The European Union has seen dramatic growth in the availability of fourth-generation mobile broadband - LTE - and in fast broadband, according to the European Commission's latest Digital Agenda Scoreboard 2015.
The EC says that 4G mobile broadband is now available to 79.4 percent of households, up from 27 percent two years ago. (It's available but that doesn't necessarily mean they use it.) The graph above shows that the Czech Republic (CZ), Malta (MT) and Bulgaria (BG) enjoyed the most spectacular growth, the last two having started from zero.
Fast broadband - at least 30Mbps - is now available to 68.1 percent of EU homes. The EC calls this Next Generation Access (NGA) broadband. NGA coverage in rural areas increased from 18.1 percent in 2013 to 25.1 percent today. However, less than a third of EU internet users actually subscribe to an NGA service.

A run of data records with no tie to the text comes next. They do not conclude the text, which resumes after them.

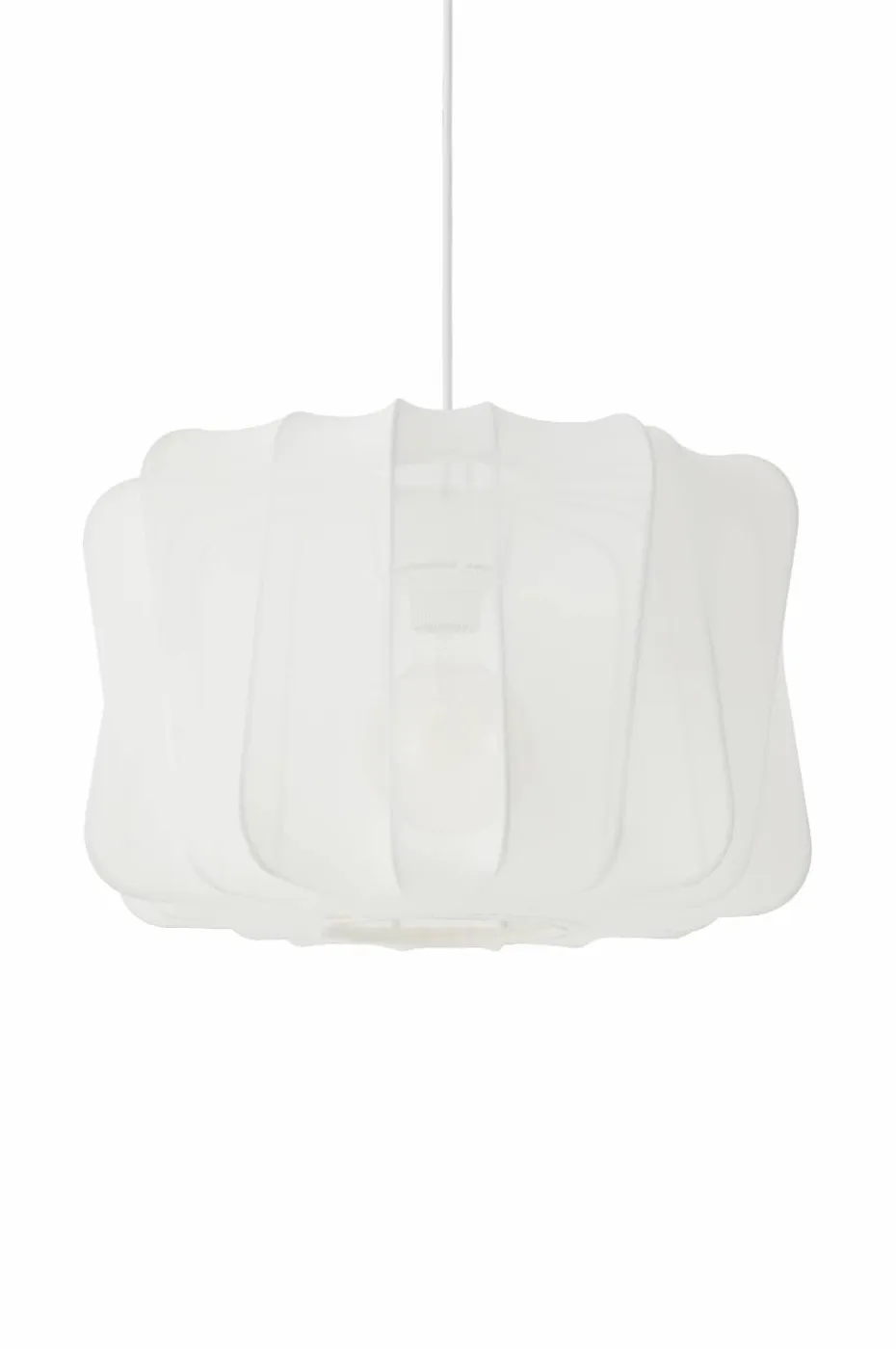 Ellos Home Taklampe Blush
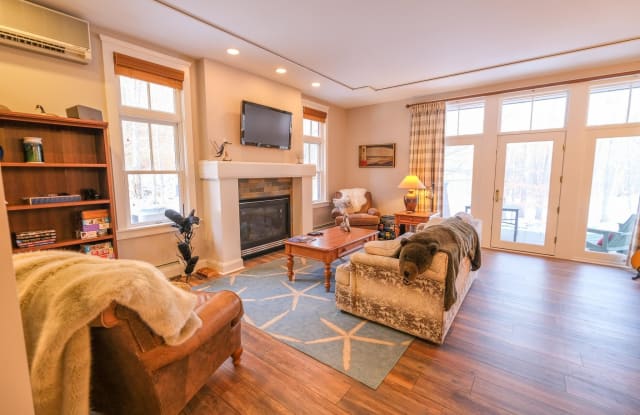 116 Spaulding Road - 116 Spaulding Road, Proctorsville, VT 05153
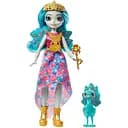 Лялька Enchantimals Її Величність Королева Пенелопа та Рейнбоу (GYJ14)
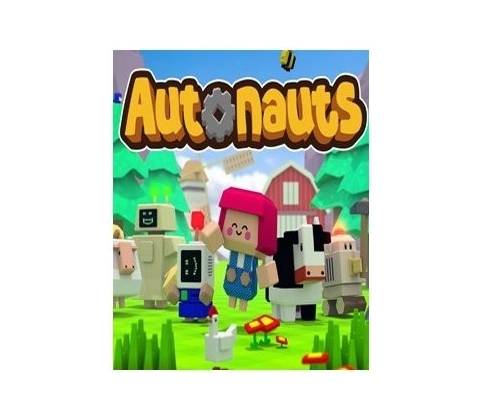 Autonauts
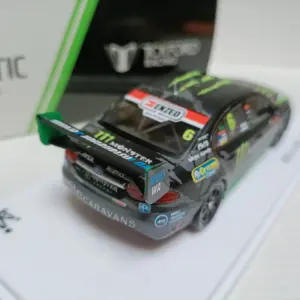 2016 Ford Falcon Ghost Claw Diecast Model 6 Sd0598f9eee71430fa85180514ef3fde6q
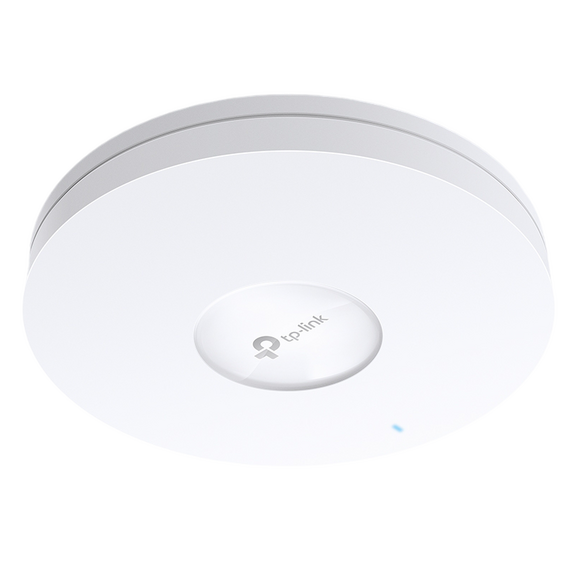 Punct de acces fără fir TP-LINK EAP653, 574 Mbps, 2402 Mbps, Alb, 7 image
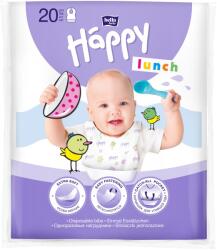Bella Baby Happy eldobható etetőelőke 20 db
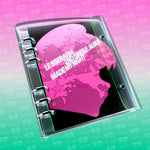 LE SSERAFIM 2ND SINGLE ALBUM “MADE MY NIGHT” (CHEMICAL NIGHT VER.)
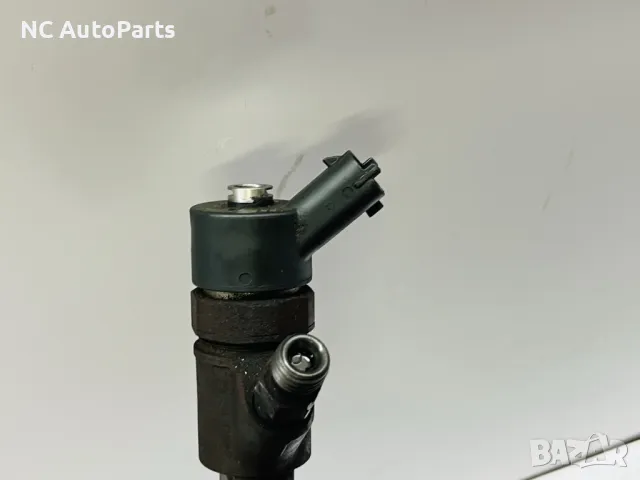 Дюза Инжектор за Iveco Ивеко Дейли 2.3 дизел 0445110273 504088755 Bosch 2007, снимка 6 - Части - 49706754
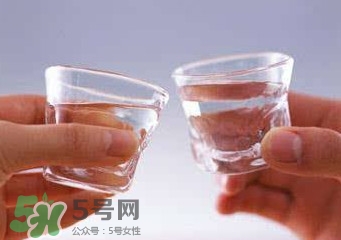 白酒可以止癢嗎？白酒能止癢嗎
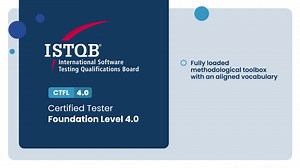 Software quality is the responsibility of every IT team member and...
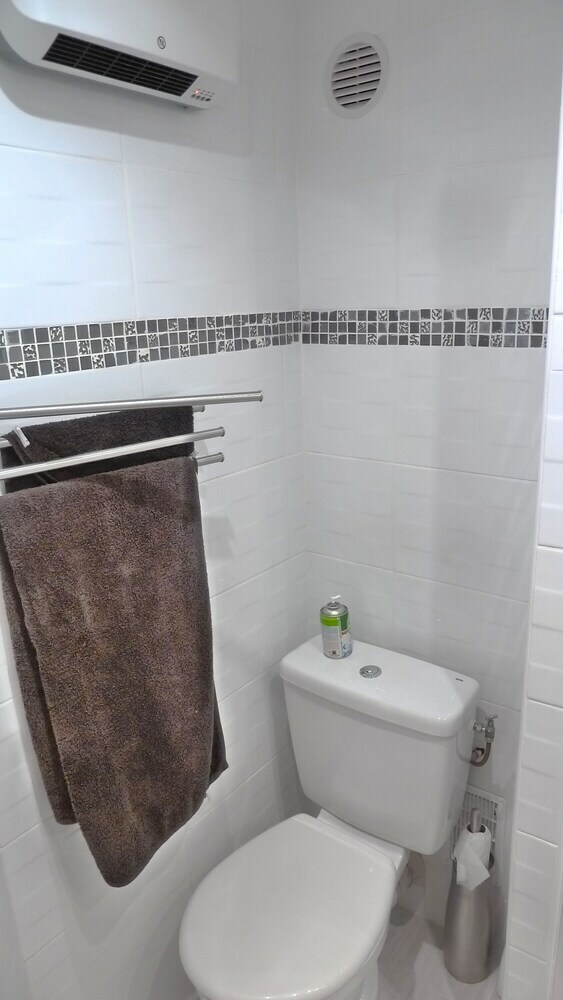 Apartamento Studio Sophia-valbonne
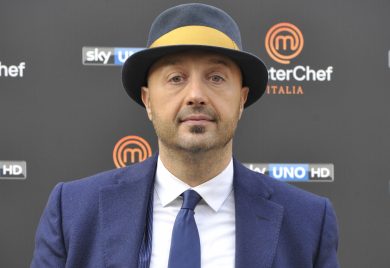 Joe Bastianich: “Ecco perché MasterChef Italia è speciale”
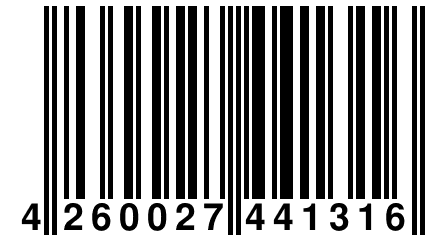 4 260027 441316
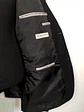 Blazer negro Angelo Litrico sastrería clásica TALLA L - Miniatura 7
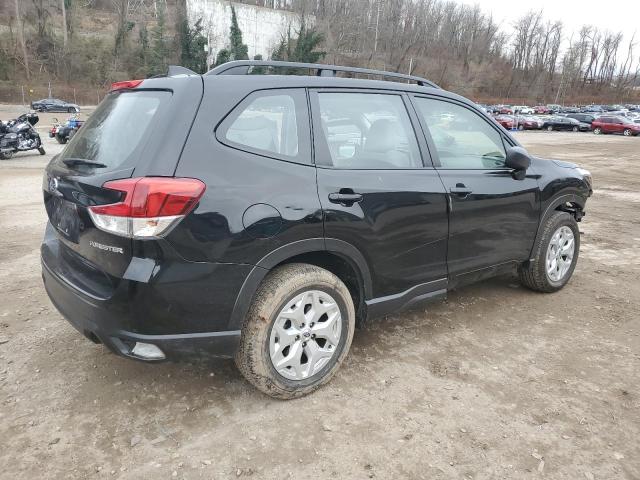 Photo 3 from auction – 2021 SUBARU FORESTER with VIN JF2SKADC1MH552659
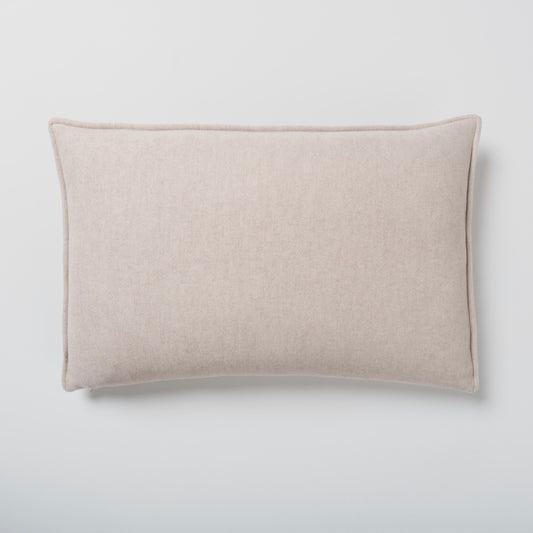 16" x 24" Cashmere Boudoir - Perfect Pale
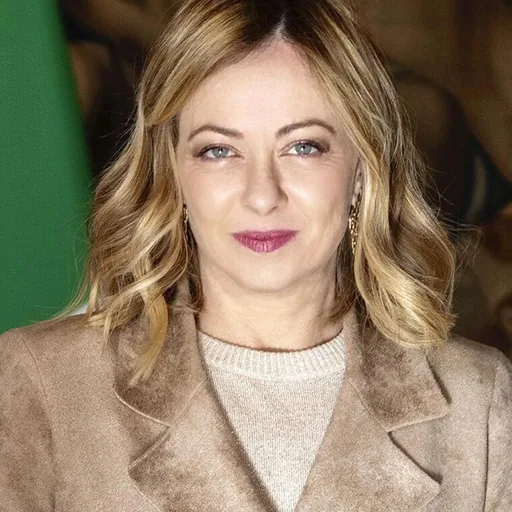 Giorgia Meloni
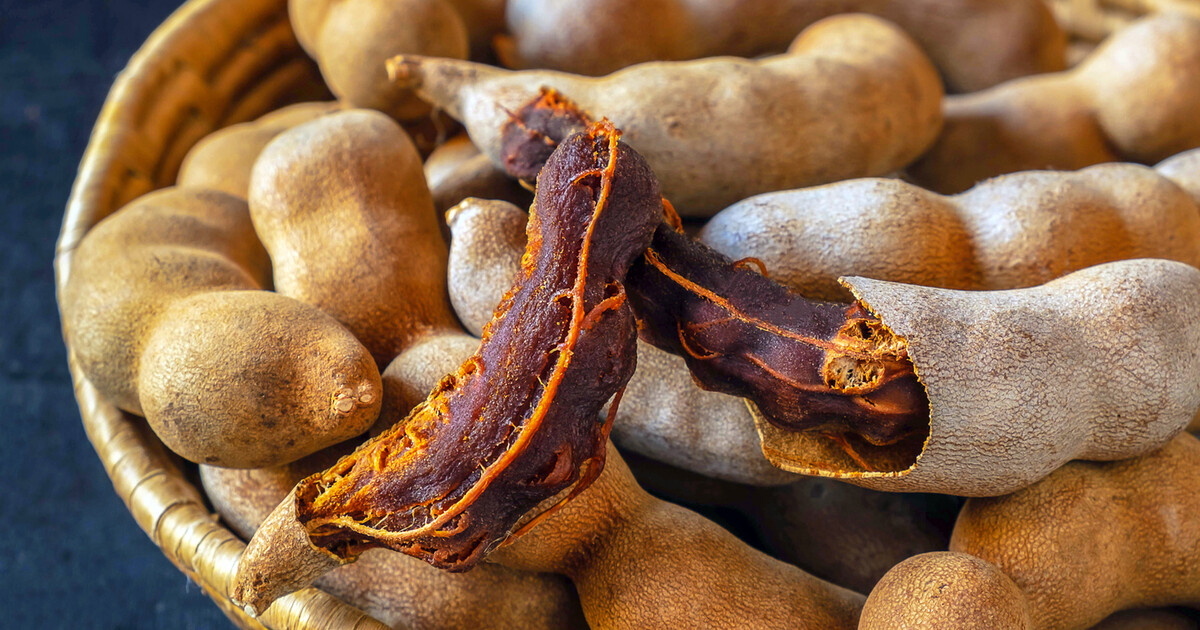 Pros y contras de COMER TAMARINDO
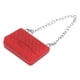 thumbnail image 4 of Bolso de muñeca Color brillante Mano de obra fina Delicado bolso de casa de muñecas en miniatura Accesorios para casa de muñecas 1:12 Rojo, 4 of 9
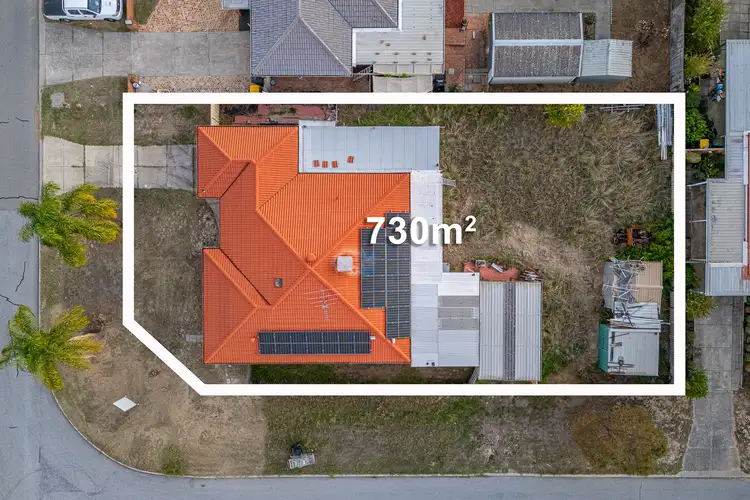 Second view of Homely house listing, 9 Miller Street, Maddington WA 6109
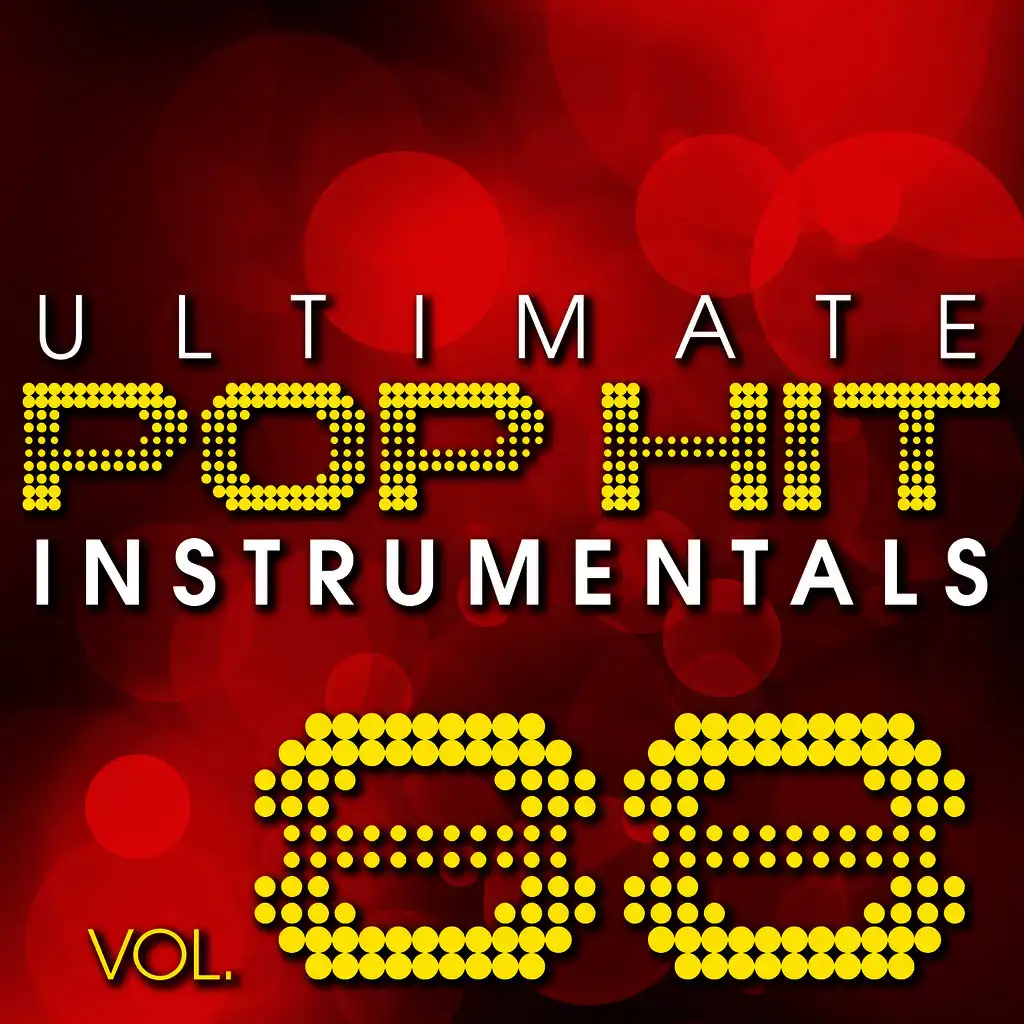 Ultimate Pop Hit Instrumentals, Vol. 88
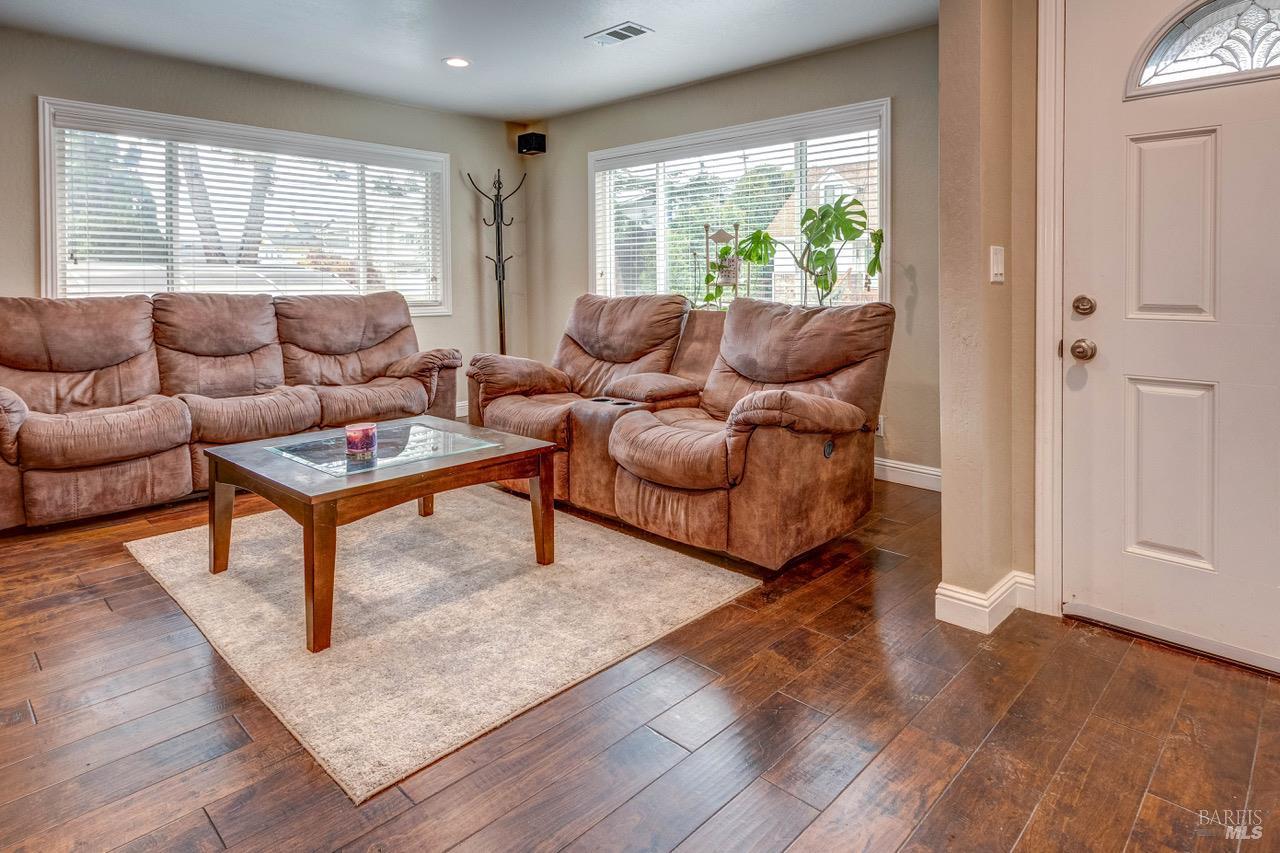 1448 O Hare Drive Benicia CA 94510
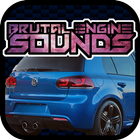 Engine sounds of Golf 6 آئیکن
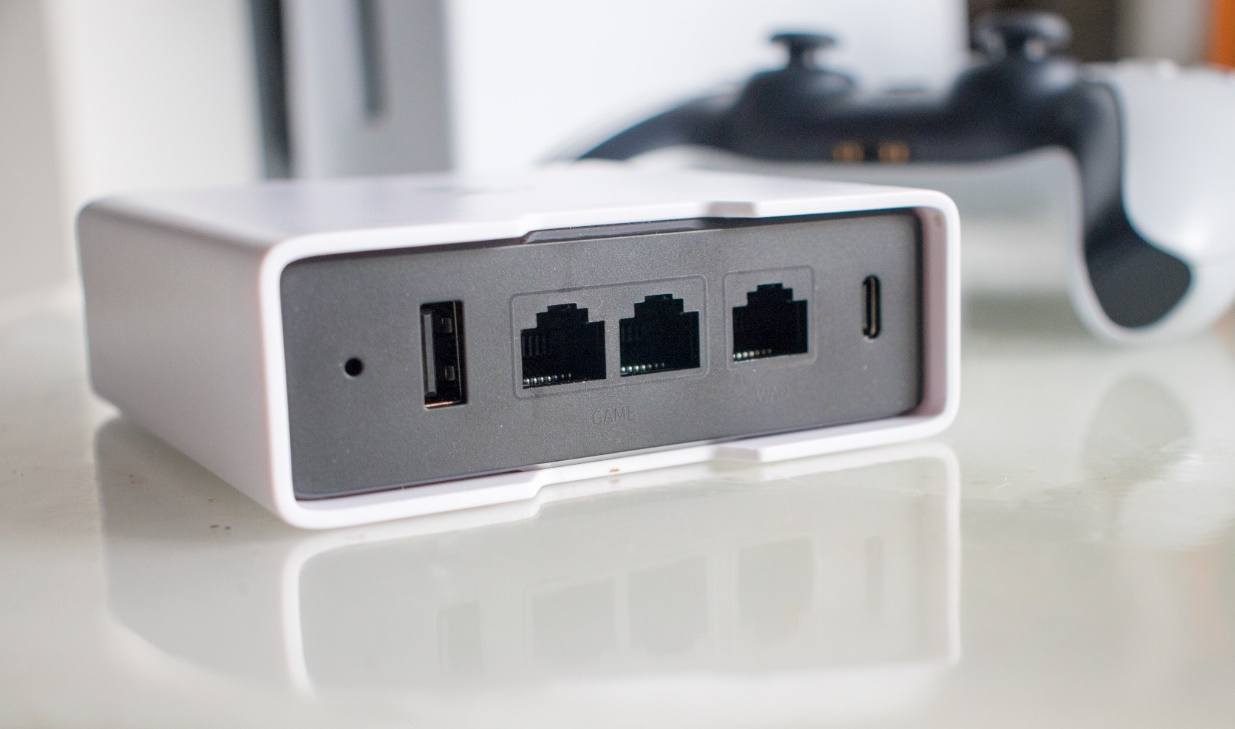 如何解决ps5网络问题,ps5玩游戏老出现网络问题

IHS, which supplied much of the research, says that "the growth in overall NGA coverage can be primarily attributed to an increase in very-high-bit-rate digital subscriber line (VDSL) coverage, which grew by over seven percentage points in the year, reaching 37.6 percent of EU households by the end of 2014."
It's quicker and, in the short term, cheaper to provide Fibre-to-the-Cabinet (FTTC) and then link to premises using VDSL over copper than to install Fibre-to-the-Premises (FTTP).
However, IHS says that FTTP "also increased, with services available to 18.7 percent of European households", led by the Baltic countries. In 2014, FTTP was available to "nearly 95 percent of households in Lithuania and 83.2 percent of households in Latvia".
The EC Scoreboard notes that "internet traffic per user (downloads and uploads) is much higher in the US than in Western Europe on both fixed networks (75GB vs 39GB per month) and mobile (1.8GB vs 0.8GB per month)".
It also notes that "EU telecom operator revenues have been declining since 2010 (from €246bn in 2010 to €230bn in 2014), while in the US they are still growing (from €220bn in 2010 to €266bn in 2014)".
It's interesting that, in Europe, fixed line users consume almost 50 times more bandwidth than mobile users, and 42x more bandwidth in the USA.
In the graph above, countries are identified by their ISO standard two-letter codes, except for Greece (EL) and the United Kingdom (UK). Most should be guessable except Croatia (HR for Hrvatska), Estonia (EE for Eesti), and possibly Spain (ES for Espana). Some less familiar codes include LV (Latvia), LT (Lithuania), SI (Slovenia) and SK (Slovak Republic).